COLLECTED MATERIAL Start Marker
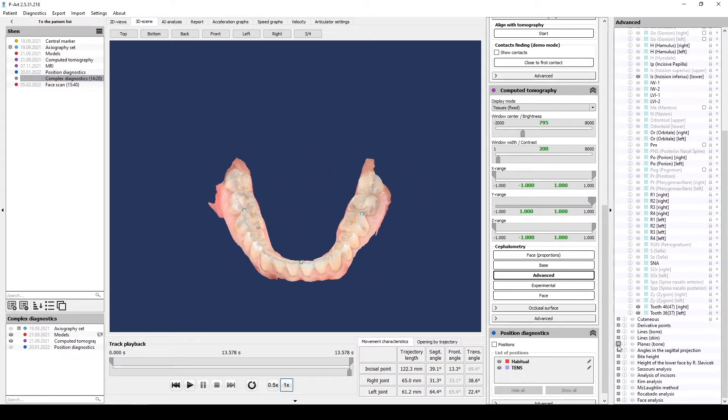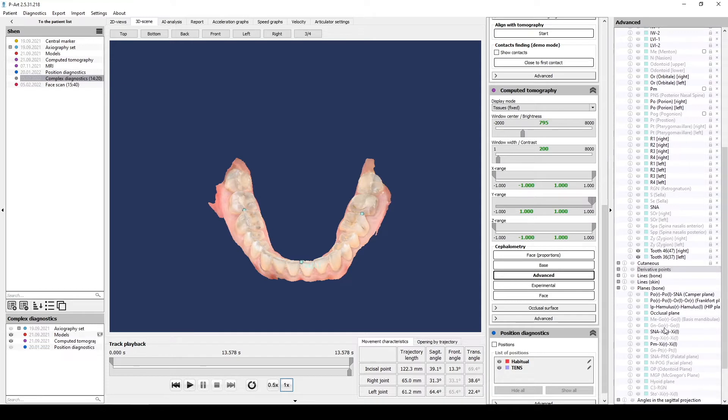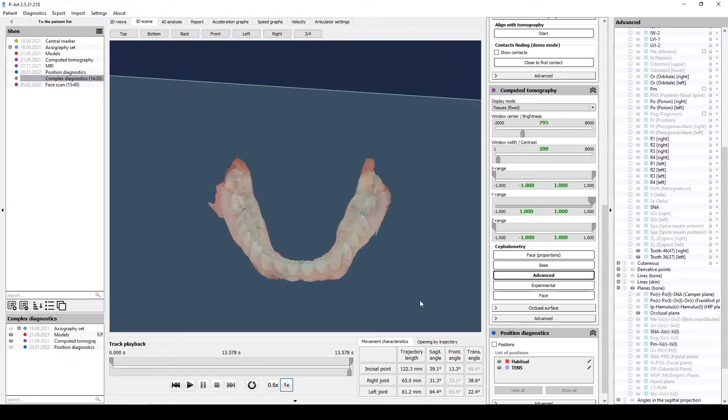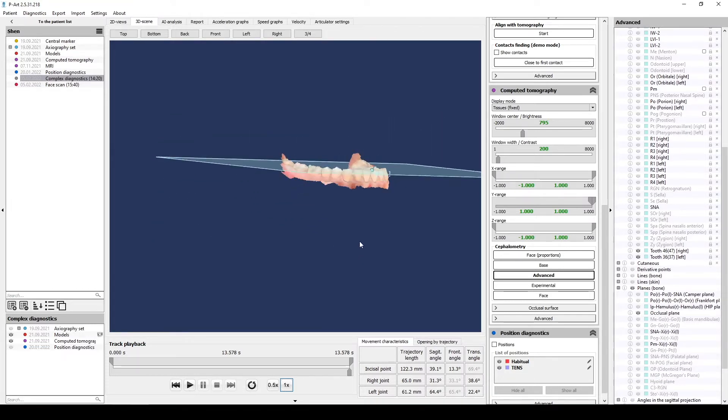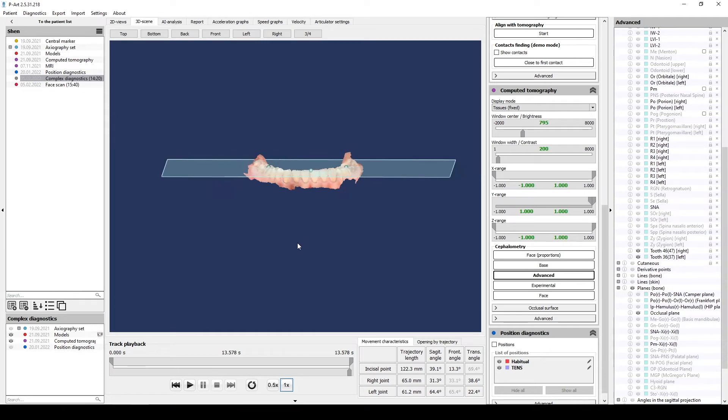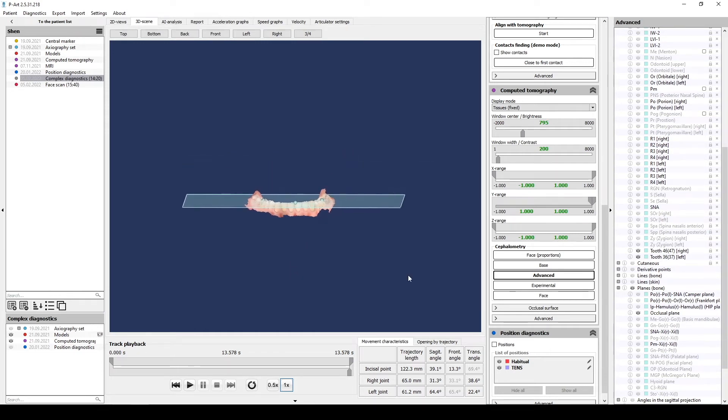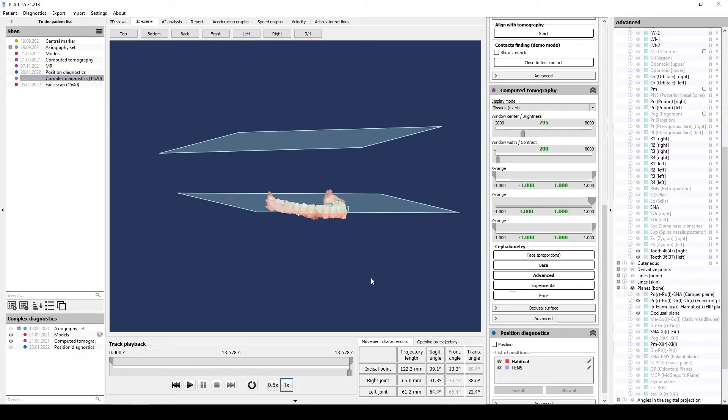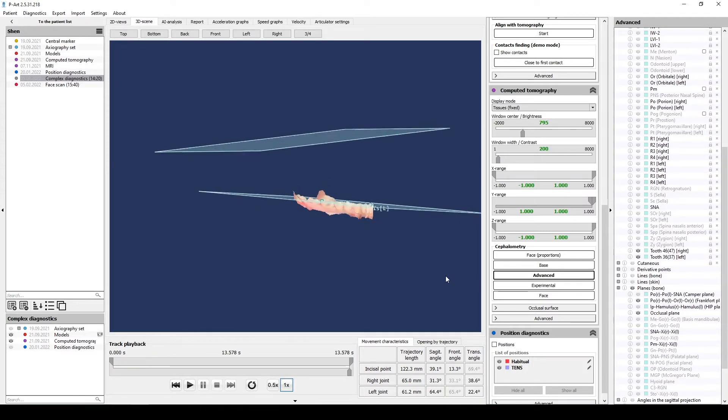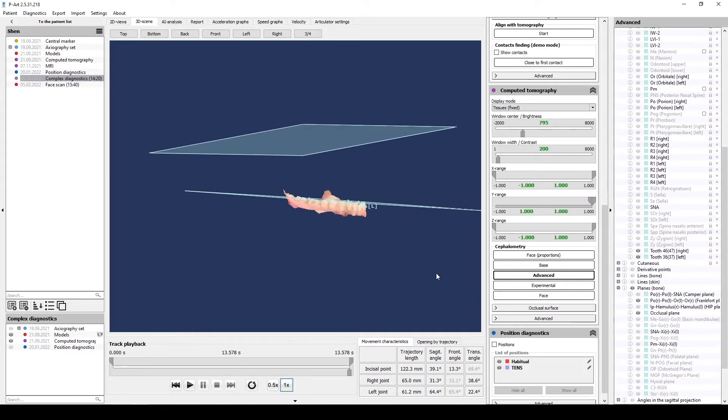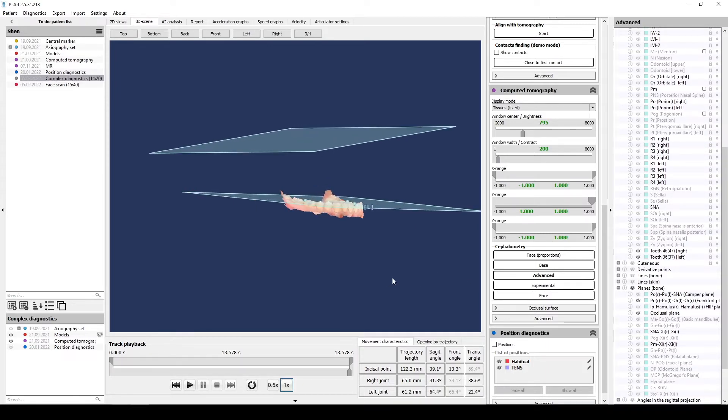After that in the planes, bone, activate occlusal plane. For easy calculation activate Frankfurt plane. Frankfurt plane is lined between two porion and two orbital points.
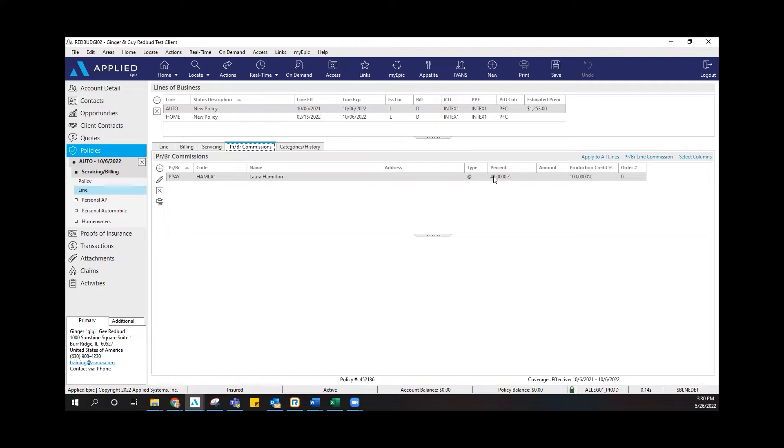you are going to have your name as the producer and also the agency owner's name as well. This whole area will equal that split between ASNOA. If I'm looking at mine right here, mine is incorrect.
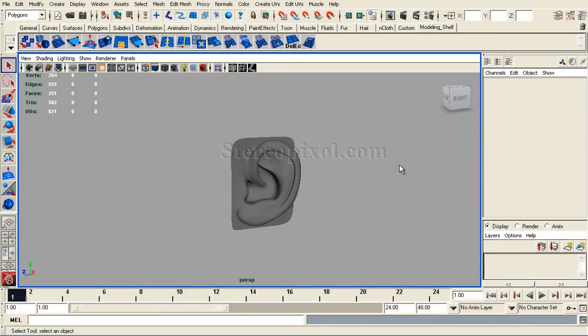Hello, welcome to StereoPix Roll. In this video we will discuss the polycount option in Maya.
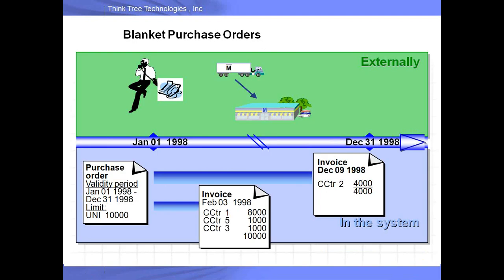In SAP purchasing, to facilitate consumable buying, we have something called a blanket purchase order, also known as an open PO or miscellaneous PO. A blanket PO is commonly used for low-value items. It has a specific validity period and a spending limit. You can continue buying and posting invoices against this PO until the validity period or the limit is reached, at which point the PO is closed.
COLLECTED MATERIAL End Marker
EXERCISE INSTRUCTIONS:
All the material above must be copied exactly, and no picture belongs in the copy.

TASK RESPONSE:
After that in the planes, bone, activate occlusal plane. For easy calculation activate Frankfurt plane. Frankfurt plane is lined between two porion and two orbital points.
you are going to have your name as the producer and also the agency owner's name as well. This whole area will equal that split between ASNOA. If I'm looking at mine right here, mine is incorrect.
Hello, welcome to StereoPix Roll. In this video we will discuss the polycount option in Maya.
In SAP purchasing, to facilitate consumable buying, we have something called a blanket purchase order, also known as an open PO or miscellaneous PO. A blanket PO is commonly used for low-value items. It has a specific validity period and a spending limit. You can continue buying and posting invoices against this PO until the validity period or the limit is reached, at which point the PO is closed.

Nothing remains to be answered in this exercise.